Will it be small and intimate with only close friends and family? Will it be casual and fun and perhaps outdoors? Or will it be elegant, large and include all the frills?
2. Have an honest conversation with your partner and parents to truly understand how much money is available.
Be sure to take out for life's necessities, such as food, rent and student loans to decide what's left over. And hopefully you'll still maintain the suggested three months of savings in the bank to cover any unexpected problems, such as the loss of a job, health problems or major repairs.
3. Estimate a guest count.
The number of guests has a huge impact on the total budget, so make you've honestly discussed who is getting invited and who is not.
4. Identify priorities between the two of you.
Perhaps your partner always dreamed of having a live jazz band or wearing a gown fit for a princess. Understand what you must have and what you're willing to do without.
5. Determine DIY options.
Could you stuff and address your own invitations? Do you have crafty friends who could make the centerpieces?
6. Get a reality check.
By understanding what constitutes the greatest costs, you're in a better position to know where to make smart cuts. According to apracticalwedding.com, the venue, food and beverages typically represent 42% - 50% of the total cost. Photography/videography represents about 18-20%, with decor coming in between 8% and 18% and stationery/paper goods at 3% - 7%.
7. Make a spreadsheet to track costs to see what is making the biggest impact on the budget.
Keep it updated and include everything so there are no nasty surprises.
8. Save deliberately.
Set up a separate savings account and arrange for direct deposits to ensure you have what you need without incurring too much debt.
9. Limit the use of credit cards.
Unless you know you can pay off the balance in 30 days, beware of overusing credit cards with high interest rates. If you must charge, use a card with cask-back rewards.
10. Get creative.
Brides.com recommends a number of savings tricks that can trim the budget without limiting the fun.

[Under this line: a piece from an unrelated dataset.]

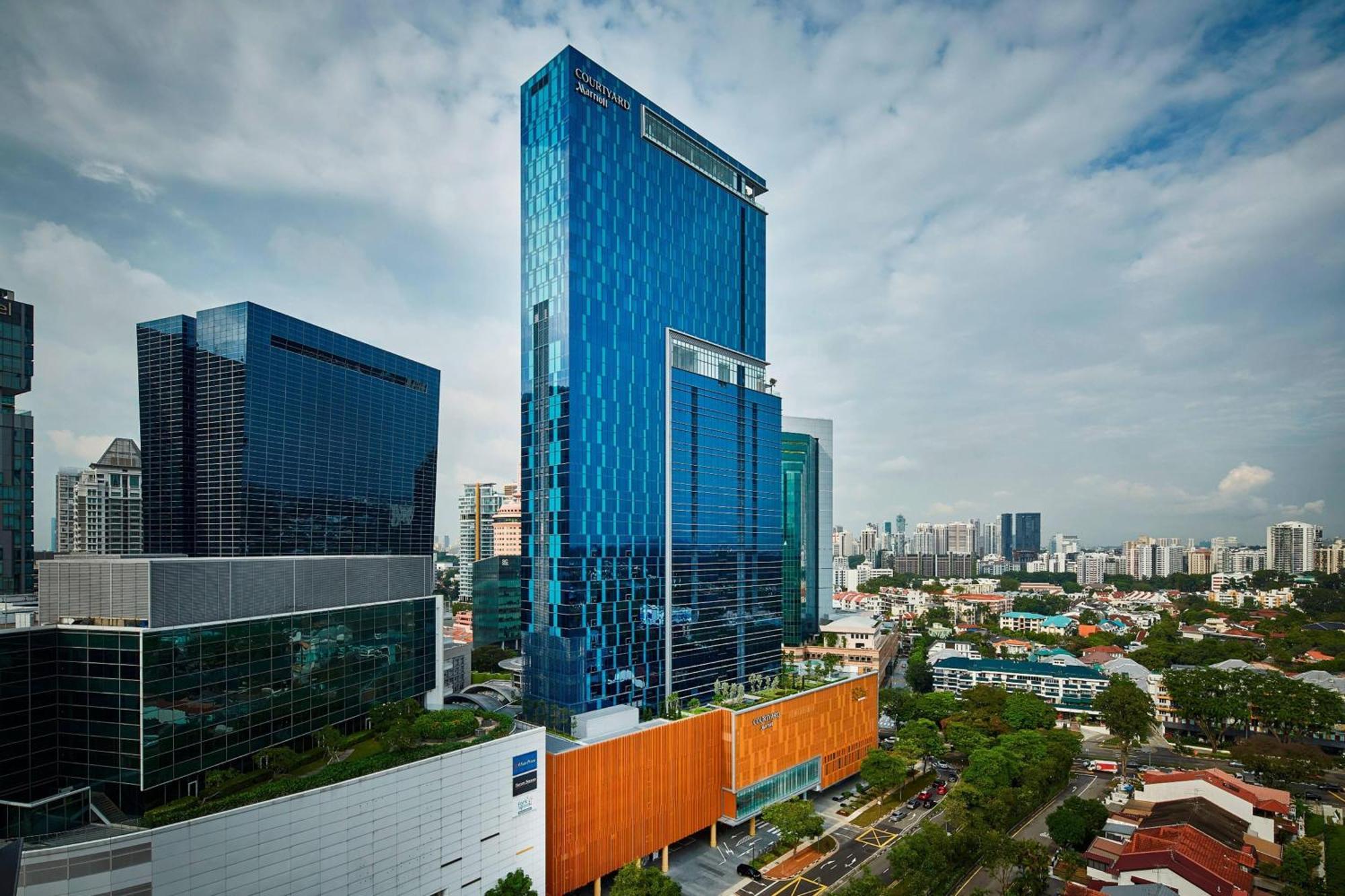 Courtyard By Marriott Singapore Novena Exteriör bild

For example, book your wedding at an off-peak time of year or considering having it on a Friday or Sunday. Host a brunch instead of a four-course, wine-paired dinner. Or you could always prolong your engagement to allow more time to save.

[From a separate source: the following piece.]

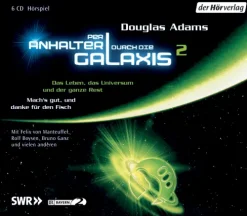 Per Anhalter durch die Galaxis 2. 6 CDs-Hoerverlag DHV Der Best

In the end, remember that the wedding is a one-day event and what matters is the lifetime you'll spend together. With the right planning and some smart decision making, you can hopefully start the lifetime without going underwater in debt.
The information and recommendations contained herein is compiled from sources deemed reliable but is not represented to be accurate or complete. In providing this information, neither Cortland Bank or its affiliates are acting as your agent or is offering you any tax, accounting or legal advice.